Vorrei fosse chiaro che non si tratta di rimpiangere una presunta «età dell’oro» dove tutto andava bene, perché così non è stato e nemmeno sarebbe stato se Berlinguer fosse sopravvissuto al comizio di Padova.

Si tratta invece di recuperare quel «modo d’essere», quell’habitus di classe per dirla alla Pierre Bourdieu[8], frutto di un universo ideale e di un’idea di mondo che dava speranza a milioni di persone e creava una forte identificazione politica e sentimentale tra il leader e il suo popolo.

Un’identificazione che nel caso del Pci di Berlinguer si era sviluppata anzitutto perché il Segretario condivideva con le persone che ambiva a rappresentare la stessa condizione di esistenza, abbracciata quando si era iscritto al partito nel 1943, rinunciando agli agi e alle comodità di cui avrebbe goduto mantenendo quella familiare.

Un leader credibile

Insomma, Berlinguer poteva parlare di diritti dei lavoratori, di questione morale, di solidarietà tra i popoli e di pace perché aveva la credibilità politica e morale per farlo. E lo faceva da una posizione di potere, quella del Segretario del più grande partito comunista d’Occidente, ma non da una «condizione esistenziale di potere», cioè non da uomo politico che cercava il potere per il potere.

Perché il fine ultimo della sua lotta era la realizzazione di quei valori ideali – pace, giustizia, eguaglianza, lavoro, sapere, solidarietà – condivisi da tutti i comunisti italiani. Non bisogna mai dimenticare che se c’è stato Enrico Berlinguer che ha «dato la sua vita» per quegli ideali, è anche e soprattutto perché ci sono stati i Dante Franceschini, gli Alberto Menichelli e i Mario Benedetti, che egualmente hanno dato tutto nella loro vita, senza chiedere mai in cambio nulla.

Tutti loro ci hanno insegnato col loro esempio che la politica è passione, coraggio, idee, ma non è niente se non è fatta per gli altri. Se vogliamo onorarne la memoria e ridare senso alla Sinistra in Italia e in Europa, questo non dobbiamo dimenticarcelo mai.

Note

[1] Luigi Pintor, «Non fraintendetemi ma avrei voluto essere su quel palco», l’Unità, martedì 12 giugno 1984, p. 8.

[2] Roberto Benigni, «Caro Enrico, eri così leggero quando ti presi in braccio», Ibidem.

[3] Eric J. Hobsbawm, «Lascia ai successori una base solida per il futuro», Ivi, p. 9. Ora disponibile su enricoberlinguer.it.
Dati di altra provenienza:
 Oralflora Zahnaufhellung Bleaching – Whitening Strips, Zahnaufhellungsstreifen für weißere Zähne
[4] Ne ho parlato in maniera approfondita nel capitolo “L’eredità dissipata” del libro «Per Enrico, per Esempio. L’eredità politica di Enrico Berlinguer».

[5] Fortunatamente con qualche eccezione di peso, come quella di Emanuele Macaluso, Aldo Tortorella, Luciano Barca e pochi altri.
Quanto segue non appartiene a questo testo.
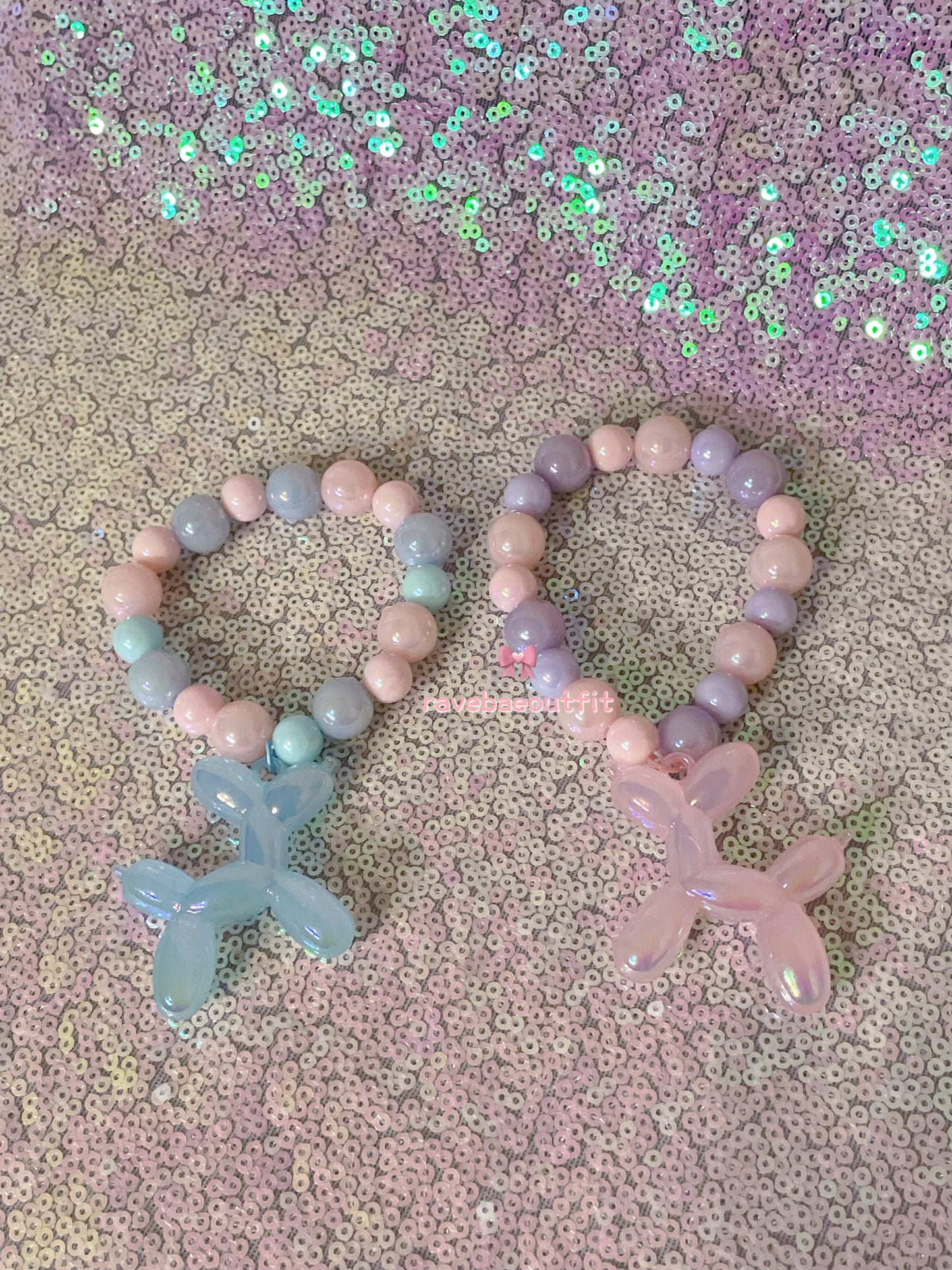 Pastel Balloon Dog Fairy Kei Kawaii Kandi Bracelet Single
[6] Lo dichiarò in un’intervista a Klaus Davi nel 2008, disponibile su YouTube sul canale del giornalista, dal minuto 5:00: https://youtu.be/5KkcLZrP8dE

[7] La citazione si trova all’interno di un articolo, pubblicato su Rinascita il 6 dicembre 1982, intitolato «Partito e società nella realtà degli anni ’80», ora nel libro Casa per Casa, Strada per Strada, Milano, Zolfo editore, p. 108 e ss.

[8] Per approfondire il concetto di habitus di classe, si veda in particolare Bourdieu, Pierre (2001). La distinzione. Critica sociale del gusto, Bologna, Il Mulino. (ed. or. 1979), p. 105 e ss.